Of all the numbers in Pasco County's proposed budget for the coming fiscal year, one under-the-radar sum is significant for its attempt to get disenfranchised people off the street and back to work. Pinellas-Pasco Public Defender Bob Dillinger wants $125,000 from the county to try to keep drunken homeless people out of jail.
It's a modest amount to duplicate a program that has been successful in Pinellas County. Pasco's budget writers were correct to include Dillinger's request in the proposed $1.2 billion spending plan and commissioners should ensure it remains there during the summer-long budget deliberations that are likely to focus on public safety and transportation costs.
Essentially, Dillinger hopes to turn the drunk and disorderly into sober and employable by diverting inebriated homeless people from the county jail into a treatment center and temporary housing while also providing case management to try to obtain benefits or job training to which they may be entitled.
"We can't arrest our way out of homelessness," Dillinger told county commissioners last month. Indeed. This approach is much more prudent than an earlier county proposal to arrest repeat offenders of the county's panhandling ban — likely some of the same people who could become clients of Dillinger's diversion program.
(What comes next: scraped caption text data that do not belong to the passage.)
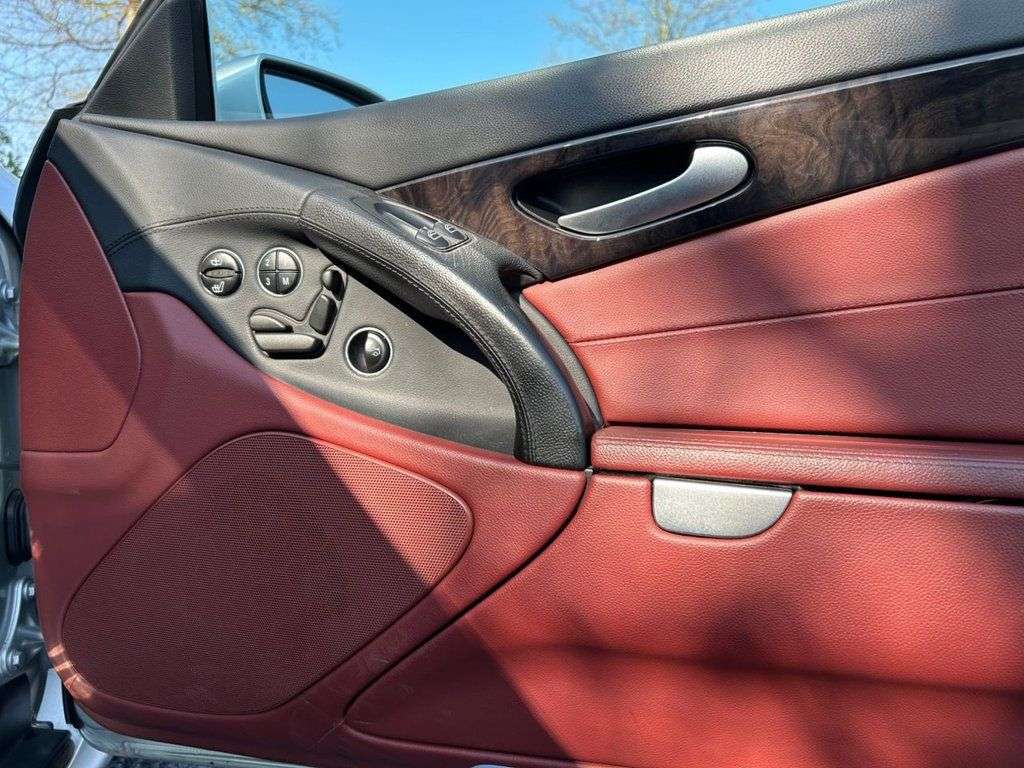 2007 MERCEDES-BENZ SL 2007 MERCEDES-BENZ SL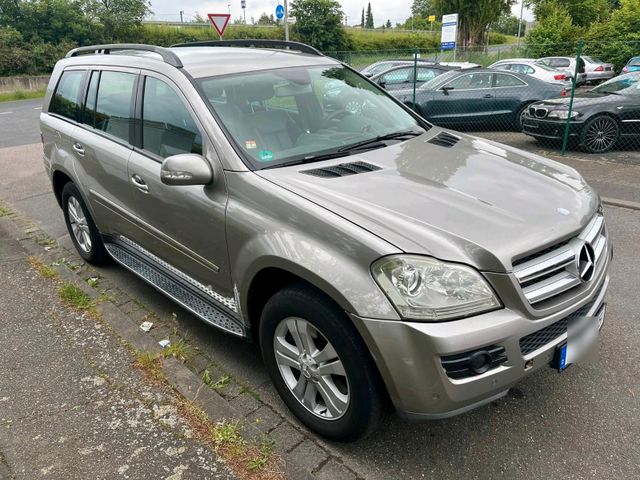 Mercedes-Benz Mercedes GL 320 CDI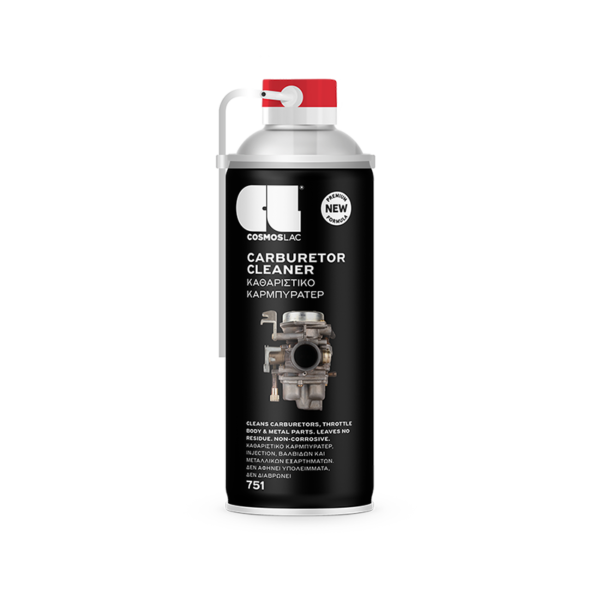 carburetor cleaner 751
The target audience is expected to be the portion of west Pasco's homeless population who are chronically inebriated. A 2013 count reported 3,305 people were homeless on any given day in Pasco County, including 815 people — a nearly one-third increase over four years earlier — considered to be chronically homeless because they've been on the street for at least a year or have been homeless four times in a 36-month period.
In Pinellas County, Dillinger used a three-year grant to serve 161 homeless people with substance abuse problems and decreased arrests by 96 percent. The up-front costs are more than offset by the annual savings from reducing incarceration, court time, health care and other expenses born by the public. In Pasco County, for instance, it costs the public $56 each day to house an inmate at the county detention center in Land O'Lakes. The estimated annual expense of allowing a homeless person to remain on the street ranges from $35,000 to $150,000 for emergency room visits, criminal justice expenses and other public service costs.
This isn't a new interest for the public defender. Dillinger's office was key in getting a mobile medical mobile unit up and running to serve the Pasco's homeless. It helped 2,240 clients last year, two-thirds of whom would not have had an opportunity to receive treatment if not for the medical van.
Like the mobile medical unit, the public defender's newest budget request for a diversion program is a minimal investment in trying to help Pasco's homeless. Commissioners need to honor that request.